このことを覚えておくと、CAE技術者の方は役に立ちますよ。
おまけ:ミーゼス応力は複合的な力を1軸の引張状態に置き換えたものです。
ミーゼス応力の知識を少しだけ。
製品には一方向の力だけではなく、複数の方向から力が生じていますね。
だから単純な引張試験のような強度評価が難しいのです。
つまり、複合的な負荷を受けているけど、『降伏応力を超えているの?』と疑問になるわけなんですね。
そこでミーゼス応力が使用されます。
ミーゼス応力はこれらの多軸の負荷を一軸引張試験に模したものと考えてください。
極端にいうと、複合的な負荷を一軸の力だけで表しているのです。
その指標がミーゼス応力となります。
つまり、ミーゼス応力は多軸の負荷を一軸に変換することで、降伏応力での判断を容易にするものなのです。

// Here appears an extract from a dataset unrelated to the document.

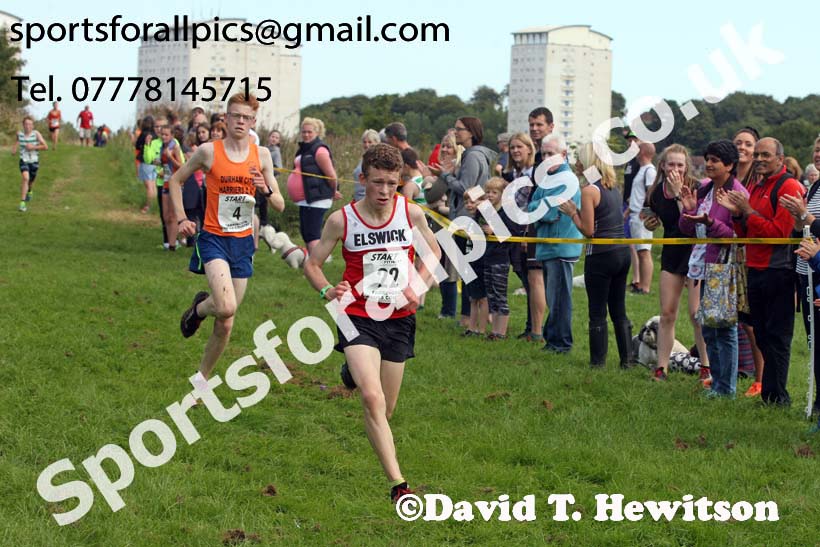 Boys and girls under-15s, Sunderland Harriers Cross Country, Farrington, Sunderland. Photo: David T. Hewitson/Sports for All Pics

たとえば、降伏応力20MPaの材料に対して、σx=10MPa、σy=5MPa生じているとき降伏応力を超えていますか?
という疑問に対する答えにミーゼス応力が使用されます。
ミーゼス応力に変換すると25MPaになったとすると、降伏応力を超えていますね。
つまり、上記の条件では降伏していると判断できるわけです。